LE COMBO BLU-RAY+DVD
Troisième et quatrième galettes de ce double-combo Make My Day ! après l’excellent Des Filles Disparaissent de Douglas Sirk (le numéro 50, donc) Les Criminels complète donc cette édition sous le signe du film criminel en noir et blanc. Un champ plutôt vaste qui nous donne donc deux films très différents, mais tous eux essentiels.
Le coffret digipack reste conforme à la collection : fourreau cartonné, visuel pop, présentation écrite de Jean-Baptiste Thoret pour chacun des deux films au dos, menu silencieux avec titre animé… et le seul et unique bonus (si l’on excepte la préface habituelle de Thoret (9′) qui revient avec enthousiasme sur le parcours atypique de Losey, sur les comédiens et techniciens du film et sur le sens, la construction et la genèse des Criminels) revient au film de Losey avec une intervention d’Olivier Père (49′) orientée sur la figure et la carrière du réalisateur, spécialement sa période britannique, ses influences politiques et esthétiques, les motifs récurrents de son œuvre, analysant plus profondément certains aspects techniques et scénaristiques du film (notamment l’ambition presque documentaire à l’intérieur de la prison), s’attardant longuement sur Stanley Baker et la manière dont sa présence très forte fut utilisée plusieurs fois par le cinéaste.
L’IMAGE ET LE SON
D’une copie impeccable, on ne pourra même pas tiquer sur le bruit numérique toujours surexposé par le noir et blanc, mais fortement gommé ici par la photographie très sèche du film, aux beaux contrastes et aux détails soignés, qui s’exprime principalement en nuances de gris clairs. Les moindres portions d’arrière-plan perdues au fin fond du cadre sont d’une netteté parfaite.

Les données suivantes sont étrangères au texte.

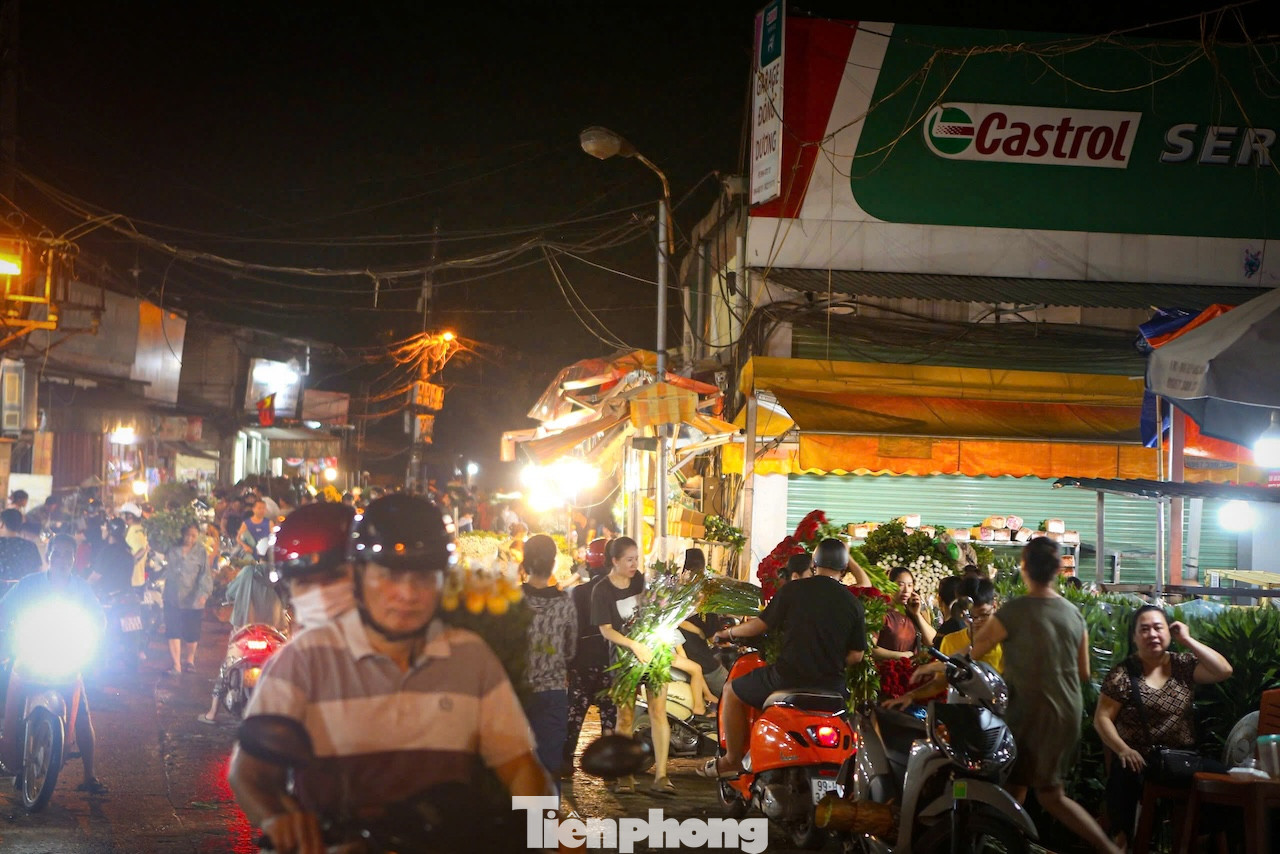 Rạng sáng 17/8 tức 14/7 Âm lịch, những chuyến xe chở hoa đêm vẫn tấp nập đi lại trong chợ hoa Quảng Bá cùng với dòng người đổ về mua sắm.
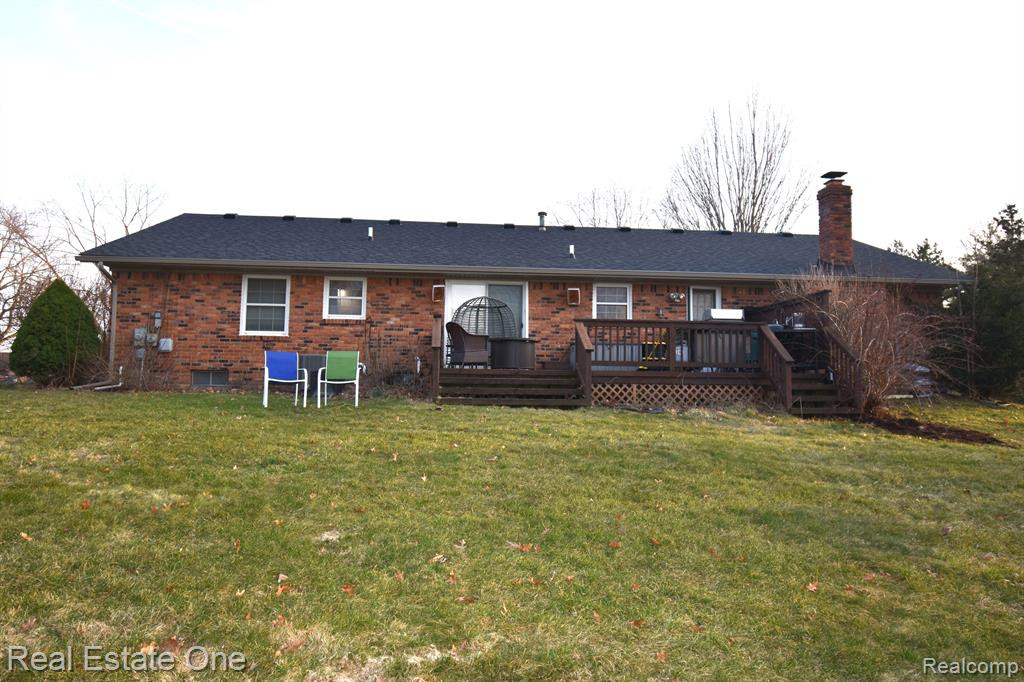 9017 Andrew Drive, Brighton, MI 48114 — Photo 52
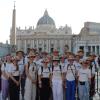 Ministranten der PG Oberes Zusamtal auf dem Petersplatz in Rom.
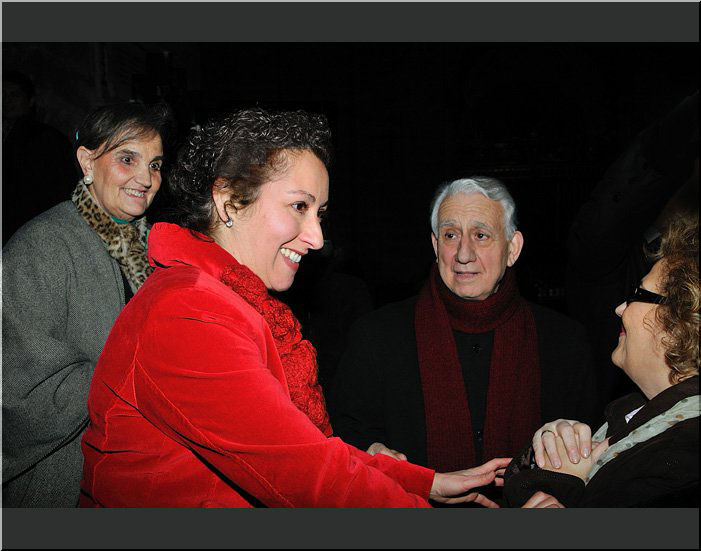                   "M&uacute;sica en la Catedral"
          Gran Concierto de Navidad 2009
con Pilar Cabrera, El&iacute;as Mart&iacute;nez y M.Reckling.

L’unique piste sonore (version originale mono 2.0 – avec sous-titres français) ne souffre d’aucune impureté et restitue brillamment le rôle du son dans l’atmosphère nerveuse du film, avec le bruit de fond des prisonniers résonnant dans la chambre d’échos du pénitencier, le silence pesant du monde extérieur percé ça et là de coups de feu, des sons d’un piano qu’on accorde, ou de musique jazz perdue dans le brouhaha confus d’une soirée animée, les éclats de voix à la limite de la saturation d’hommes à bout de nerfs… Losey fait heureusement partie de ces auteurs dont le son mono relaye parfaitement l’univers.